→ **What the exercise asks**
Reproduce the records exactly. Leave the pictures out.

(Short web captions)
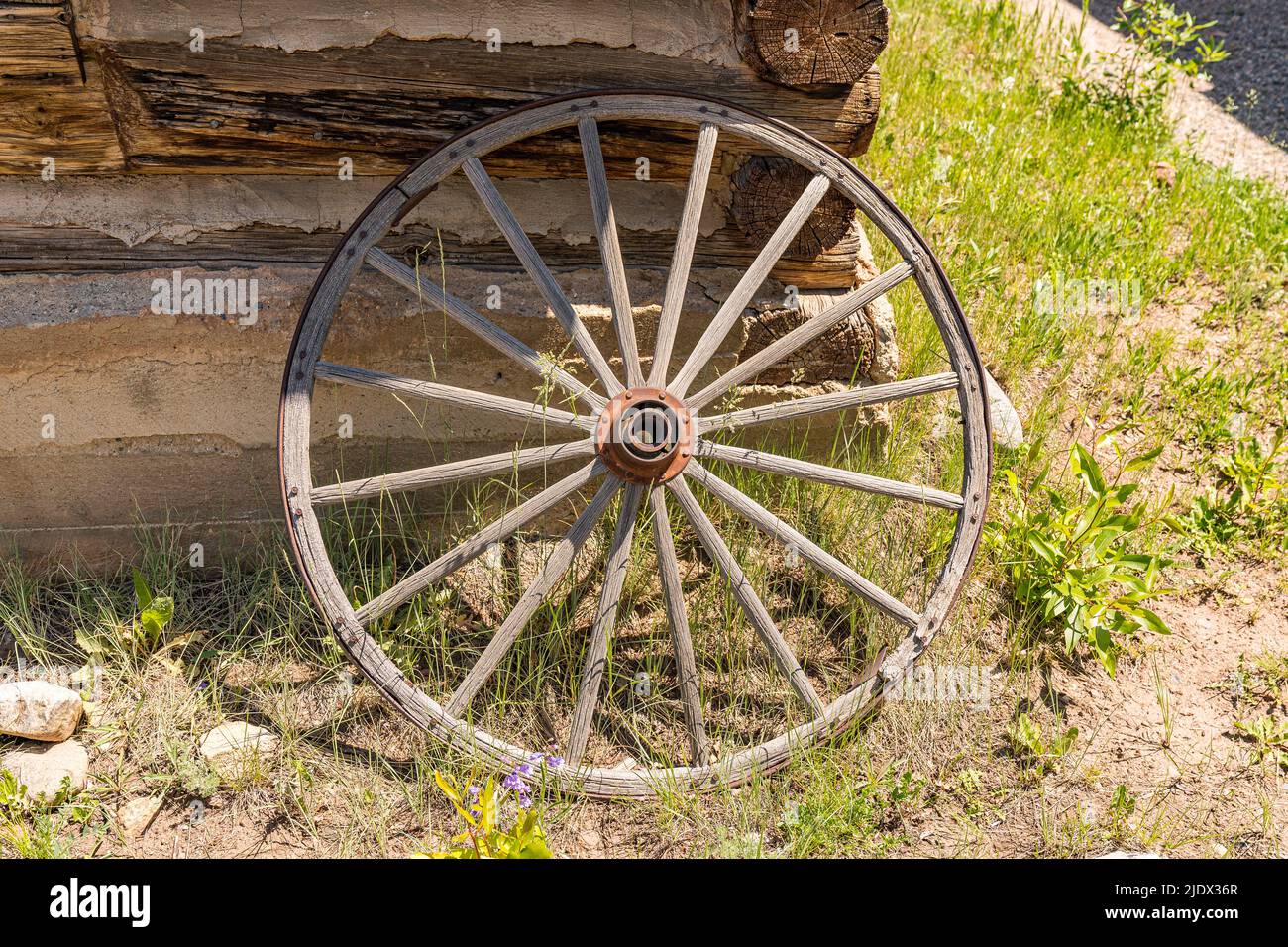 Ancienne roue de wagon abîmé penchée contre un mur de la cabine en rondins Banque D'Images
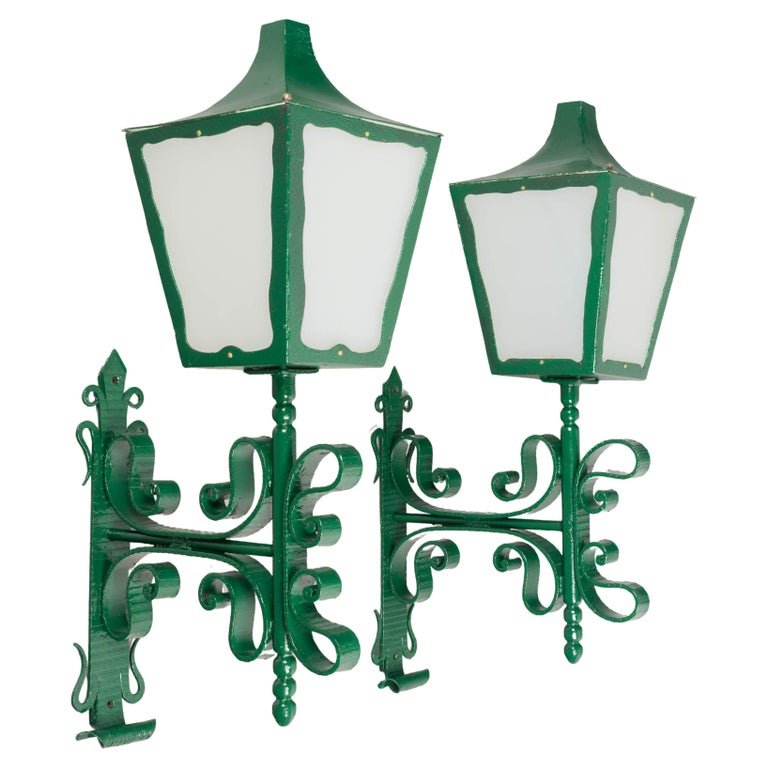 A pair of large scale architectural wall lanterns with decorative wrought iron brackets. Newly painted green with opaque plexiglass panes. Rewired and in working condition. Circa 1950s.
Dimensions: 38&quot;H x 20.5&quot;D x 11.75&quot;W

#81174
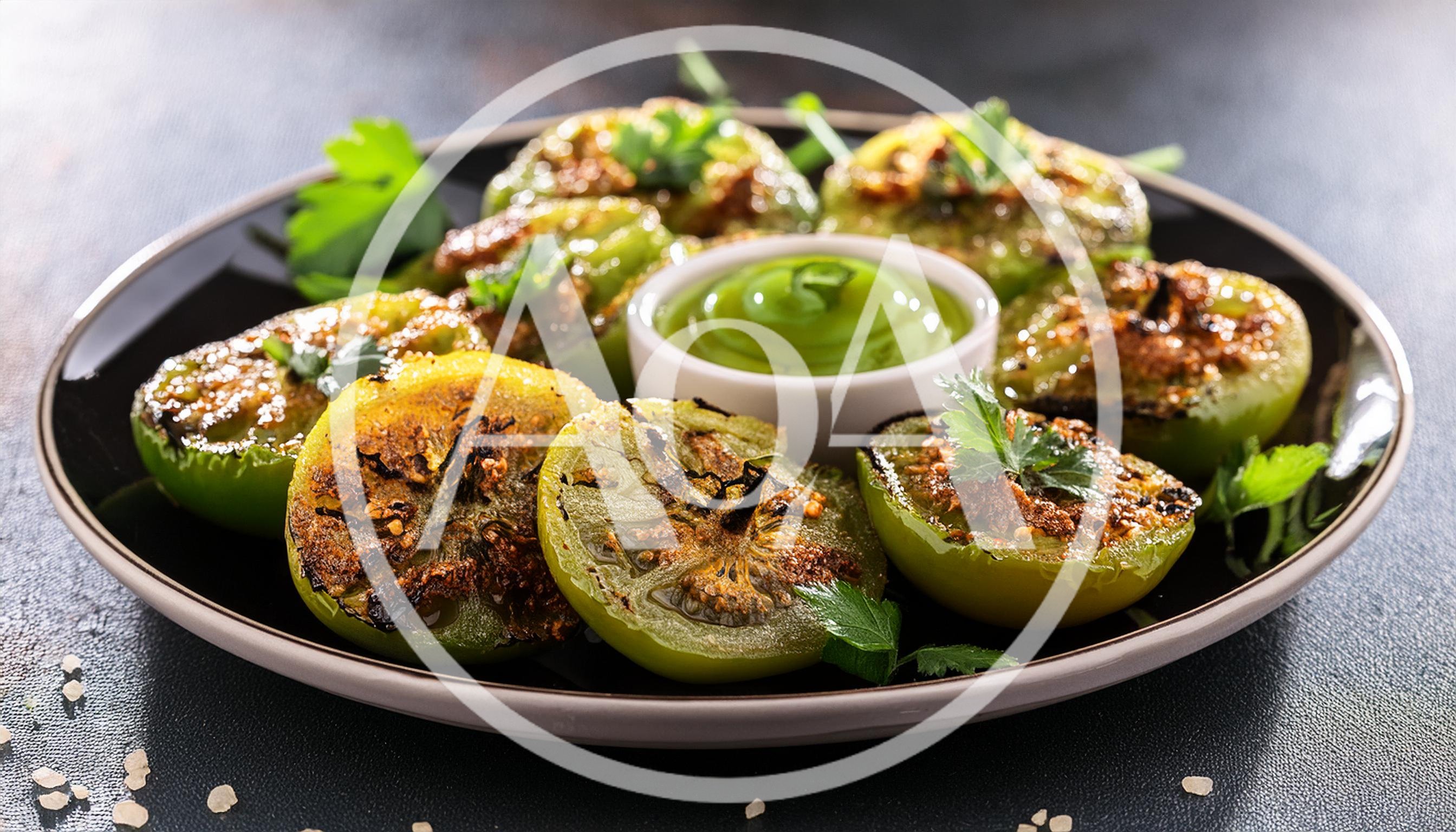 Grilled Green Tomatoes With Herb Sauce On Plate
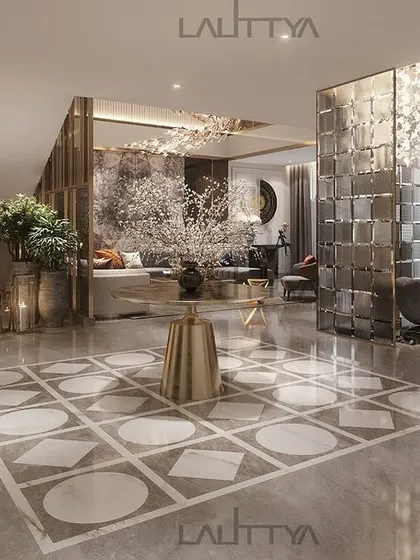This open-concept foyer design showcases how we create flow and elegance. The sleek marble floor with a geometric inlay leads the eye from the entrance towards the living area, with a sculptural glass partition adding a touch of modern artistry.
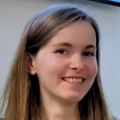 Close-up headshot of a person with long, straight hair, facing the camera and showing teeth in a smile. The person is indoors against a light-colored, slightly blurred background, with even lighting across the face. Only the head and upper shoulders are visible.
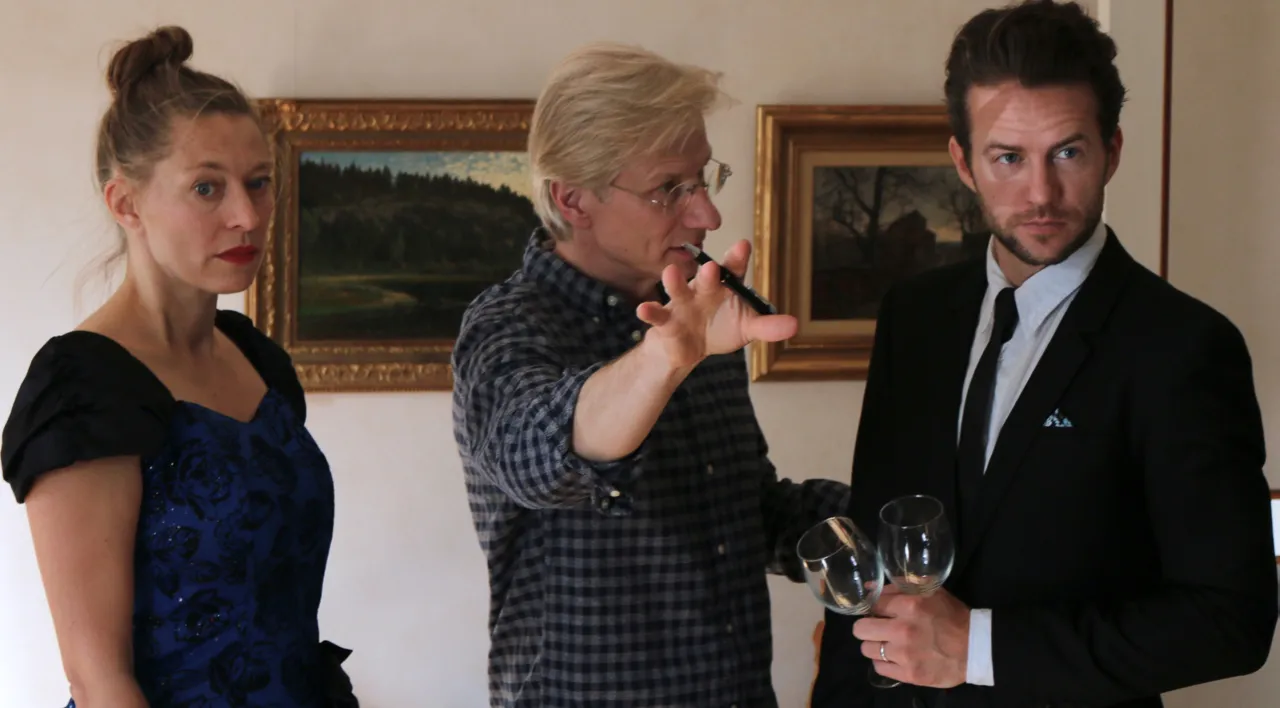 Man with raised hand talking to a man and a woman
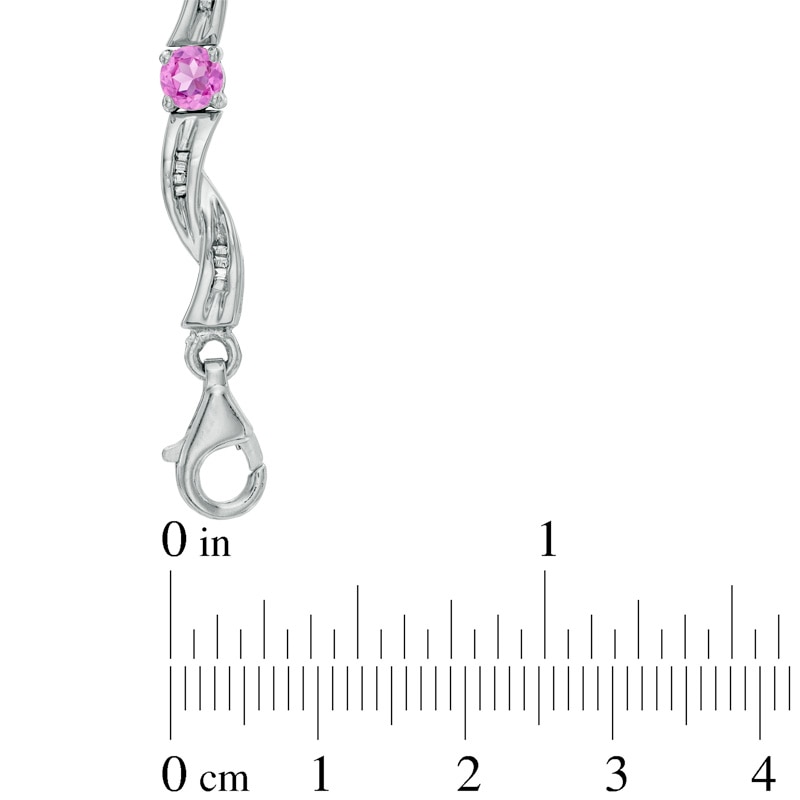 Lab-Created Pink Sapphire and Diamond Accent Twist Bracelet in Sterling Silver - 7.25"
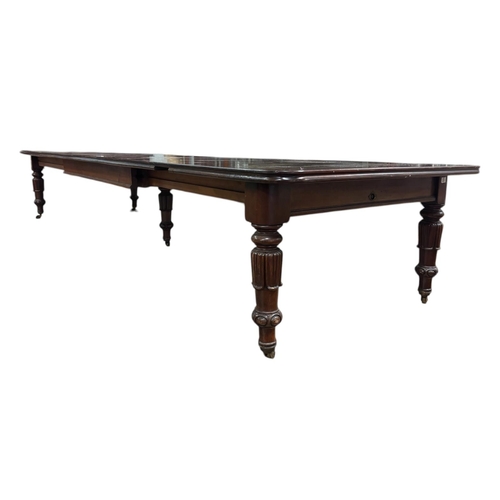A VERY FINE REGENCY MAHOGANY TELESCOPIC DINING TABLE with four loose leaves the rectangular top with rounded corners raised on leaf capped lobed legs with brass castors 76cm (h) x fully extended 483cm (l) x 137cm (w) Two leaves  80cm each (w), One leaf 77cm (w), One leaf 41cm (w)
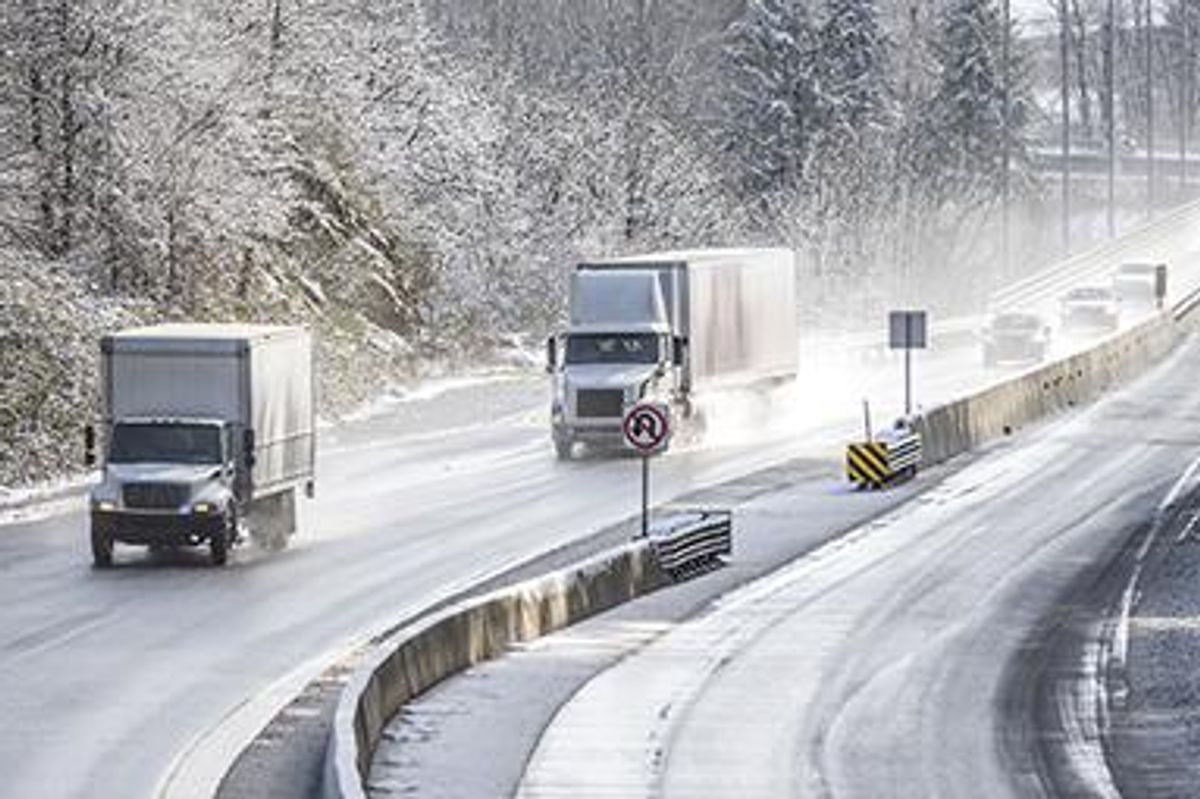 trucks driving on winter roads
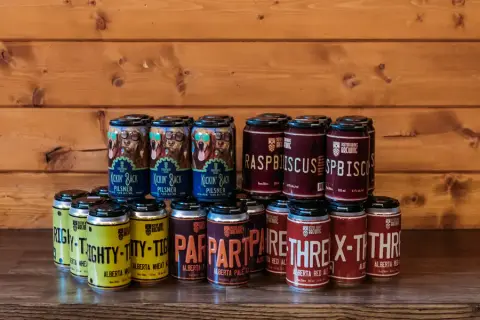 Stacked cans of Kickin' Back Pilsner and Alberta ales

→ **Solution to this task**
 Ancienne roue de wagon abîmé penchée contre un mur de la cabine en rondins Banque D'Images
 A pair of large scale architectural wall lanterns with decorative wrought iron brackets. Newly painted green with opaque plexiglass panes. Rewired and in working condition. Circa 1950s.
Dimensions: 38&quot;H x 20.5&quot;D x 11.75&quot;W

#81174
 Grilled Green Tomatoes With Herb Sauce On Plate
This open-concept foyer design showcases how we create flow and elegance. The sleek marble floor with a geometric inlay leads the eye from the entrance towards the living area, with a sculptural glass partition adding a touch of modern artistry.
 Close-up headshot of a person with long, straight hair, facing the camera and showing teeth in a smile. The person is indoors against a light-colored, slightly blurred background, with even lighting across the face. Only the head and upper shoulders are visible.
 Man with raised hand talking to a man and a woman
 Lab-Created Pink Sapphire and Diamond Accent Twist Bracelet in Sterling Silver - 7.25"
A VERY FINE REGENCY MAHOGANY TELESCOPIC DINING TABLE with four loose leaves the rectangular top with rounded corners raised on leaf capped lobed legs with brass castors 76cm (h) x fully extended 483cm (l) x 137cm (w) Two leaves  80cm each (w), One leaf 77cm (w), One leaf 41cm (w)
 trucks driving on winter roads
 Stacked cans of Kickin' Back Pilsner and Alberta ales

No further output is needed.